ExeVRM 8B achieves the best overall balance, outperforming proprietary and open-source baselines.
Gains are consistent across Ubuntu (Agent/Human), Mac/Win, and Android settings.

Attribution Quality (tIoU):

ExeVRM attains consistently higher temporal IoU than all baselines (see Figure 3), indicating more precise credit assignment over time.

Ablation Studies & Key Findings:

Table 4: Effect of input resolution

Model	Resolution	Accuracy	Precision	Recall
Qwen3-VL 4B	360p	79.3	80.6	77.8
Qwen3-VL 4B	720p (w/STP & TTP)	80.1	79.2	82.5
Qwen3-VL 8B	360p	81.5	82.5	80.5
Qwen3-VL 8B	720p (w/STP & TTP)	84.7	82.9	87.7

Finding 1: Dense video context outperforms sparse snapshot methods (e.g., judging only final or initial screenshots).
Finding 2: Higher resolution (720p) brings more benefit for reward modeling, especially improving recall, while STP/TTP keeps training tractable.
Finding 3: Asymmetric effects of pruning. TTP alone provides the strongest overall balance (80.3 accuracy / 79.3 recall), while STP alone yields lower performance. The combination (STP+TTP) maintains robust performance with a precision-recall trade-off.
Finding 4: Spatiotemporal pruning improves training efficiency. Combining STP and TTP keeps GPU memory footprint and per-step training time lower compared to using only one method, especially as trajectory length increases (see Figure 4).

Theoretical and Practical Implications

Scalable Evaluation: Provides a model-agnostic, scalable evaluator for CUAs based on observable execution video, moving beyond environment-specific parsers and handcrafted rules.
Data Curation Paradigm: Introduces a method (adversarial instruction translation) to synthetically generate high-quality negative samples, addressing a major data bottleneck in reward modeling.
Efficient Video Processing: Demonstrates that spatiotemporal token pruning is crucial for handling long, high-resolution GUI videos, making detailed reward modeling practical.
Improved Debugging: The model's strong temporal attribution (high tIoU) can highlight the exact interaction steps that cause failures, enabling faster debugging and more targeted data collection for agent development.

Conclusion

The paper presents a video-execution paradigm for reward modeling of computer-use agents.
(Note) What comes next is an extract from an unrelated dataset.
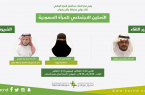 مركز الملك عبدالعزيز للحوار الوطني ينظم لقاءا حوارياً حول التمكين الاجتماعي للمرأة السعودية بجازان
Key contributions include:

The ExeVR-53k dataset.
Adversarial instruction translation for synthetic negative generation.
Spatiotemporal token pruning (STP & TTP) for efficient high-resolution video training.
The ExeVRM model, which achieves state-of-the-art performance (84.7% accuracy, 87.7% recall) on video-execution assessment across multiple platforms, outperforming strong baselines and providing more precise temporal attribution. This approach enables scalable, model-agnostic evaluation of CUAs.